Exercise instructions ▸ Reproduction of part of the material below, pictures omitted: copy exactly, and only, the lines starting with the one with "Sweaty Betty On" and going on through the one with "Продаж 3-кімнатної квартири на Сихові".

Extracted records ▸
· · · · ·

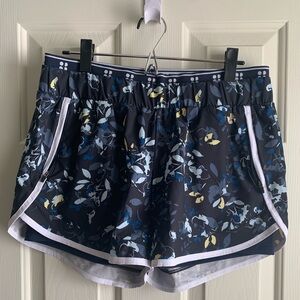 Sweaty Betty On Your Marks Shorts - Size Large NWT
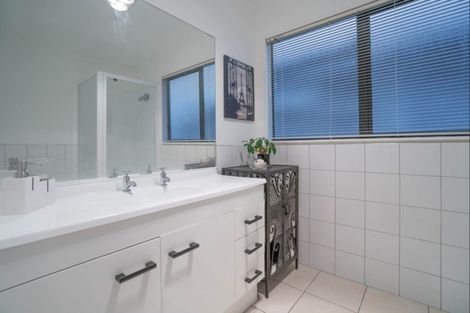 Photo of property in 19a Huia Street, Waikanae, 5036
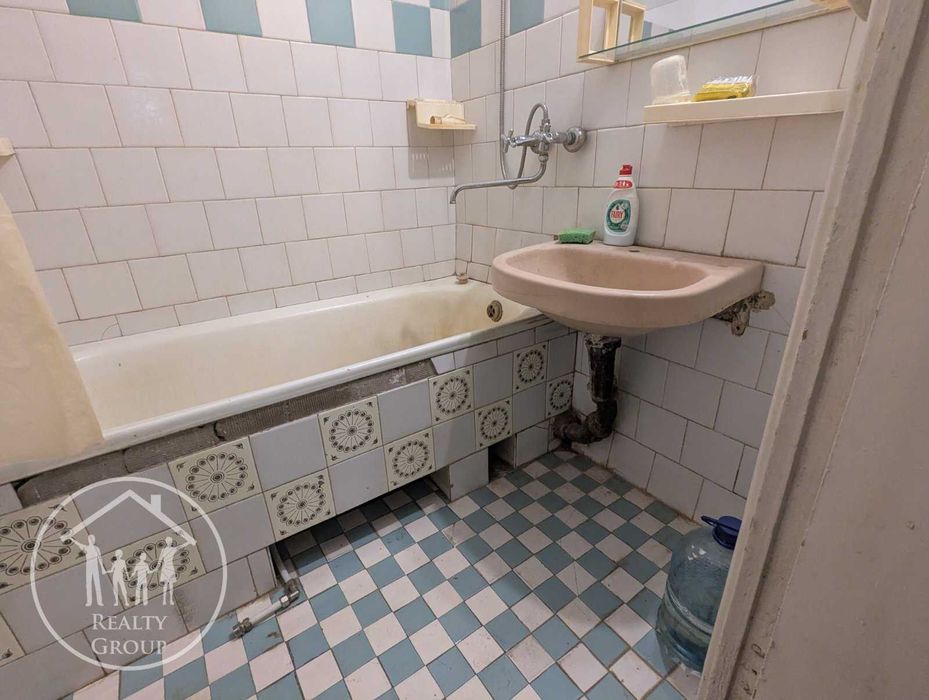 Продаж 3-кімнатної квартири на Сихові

· · · · ·

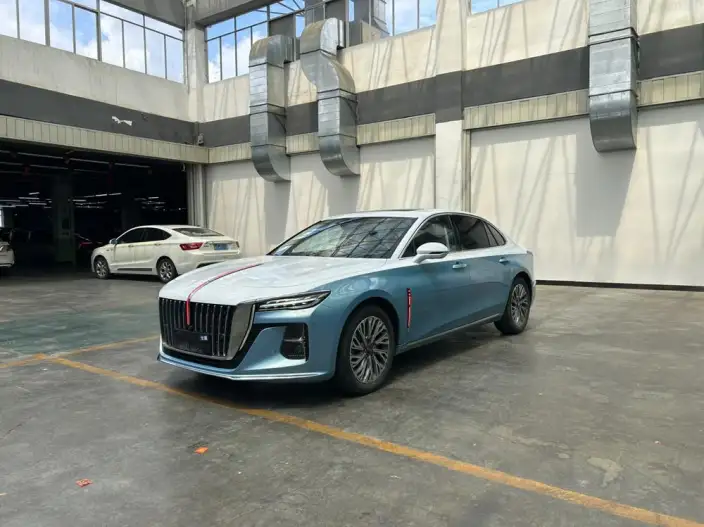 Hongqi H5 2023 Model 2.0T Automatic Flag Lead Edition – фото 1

· · · · ·

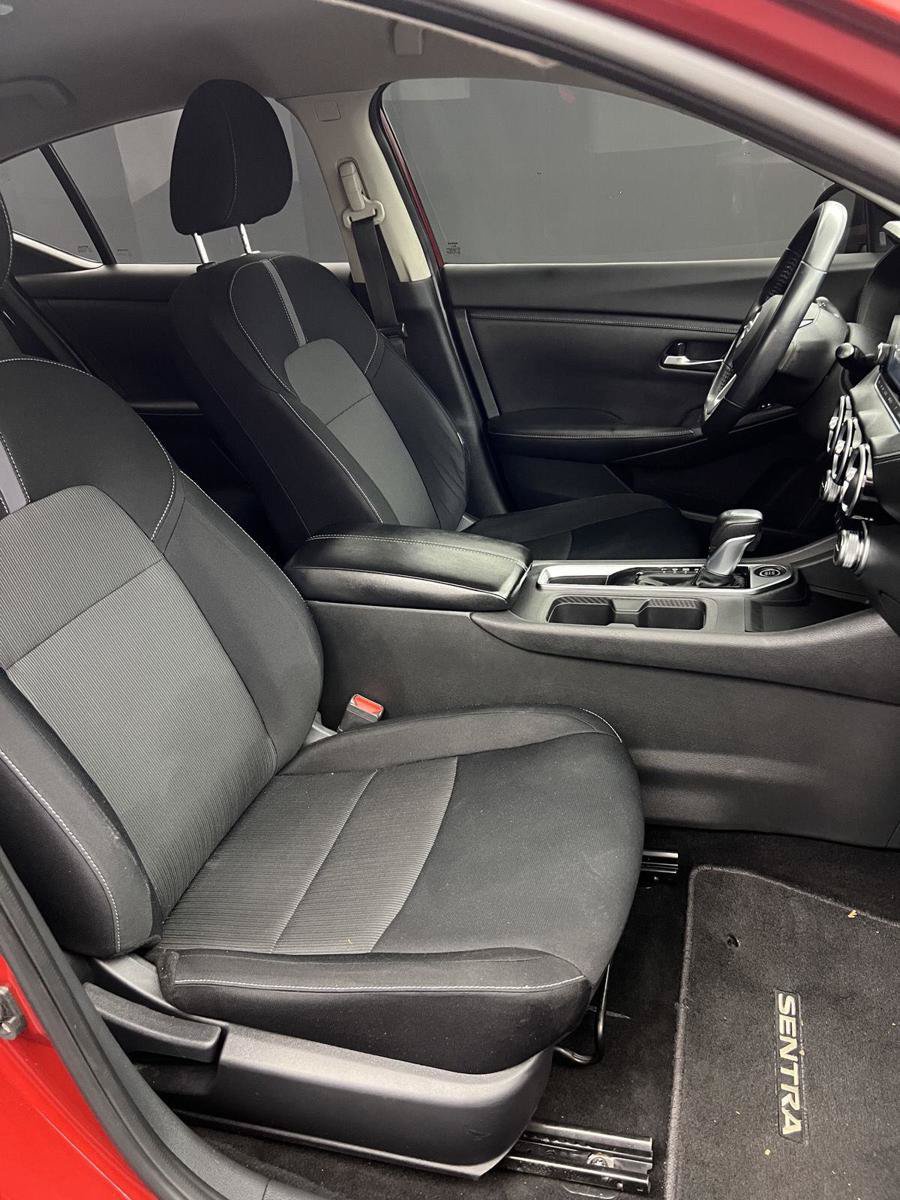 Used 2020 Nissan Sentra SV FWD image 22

· · · · ·

Result of this task ▸
 Sweaty Betty On Your Marks Shorts - Size Large NWT
 Photo of property in 19a Huia Street, Waikanae, 5036
 Продаж 3-кімнатної квартири на Сихові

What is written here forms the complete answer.